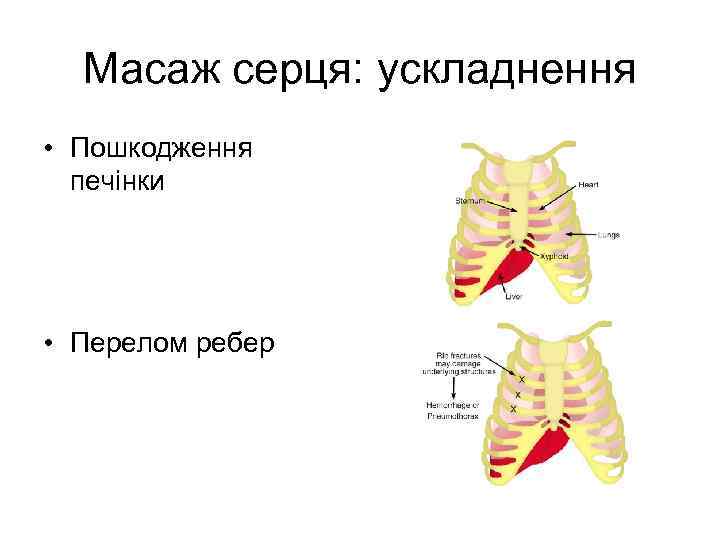 Масаж серця: ускладнення • Пошкодження печінки • Перелом ребер 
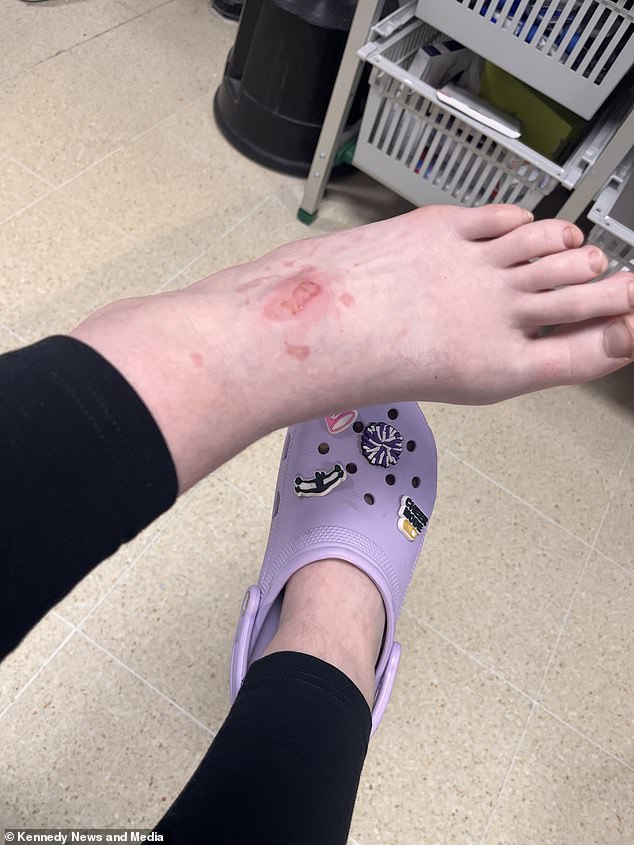 Insurance officer Mrs Owen is grateful her daughter has not been blinded by the scorching liquid and is warning other parents about the viral madness (pictured: some of the blisters on Sophie-Rose's foot).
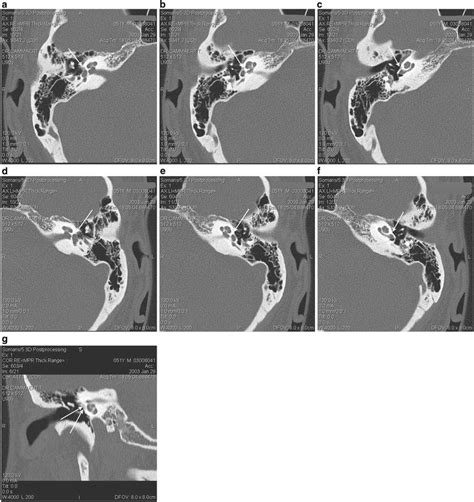 Otosclerosis Radiology Key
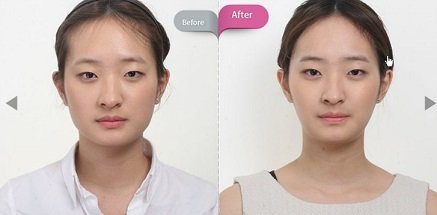 韩国国内白毒_粉毒瘦脸针真的假的?有副作用吗?多久起明显效果?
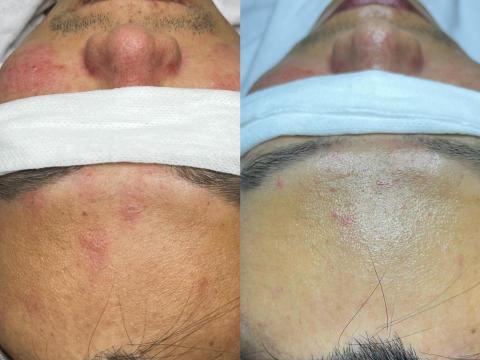 懶女孩 lazy girl_studio - 皮膚細緻度細紋改善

Problem details »
Only an exact copy of the records, free of images, belongs in the answer.

Response area »
 Масаж серця: ускладнення • Пошкодження печінки • Перелом ребер 
 Insurance officer Mrs Owen is grateful her daughter has not been blinded by the scorching liquid and is warning other parents about the viral madness (pictured: some of the blisters on Sophie-Rose's foot).
 Otosclerosis Radiology Key
 韩国国内白毒_粉毒瘦脸针真的假的?有副作用吗?多久起明显效果?
 懶女孩 lazy girl_studio - 皮膚細緻度細紋改善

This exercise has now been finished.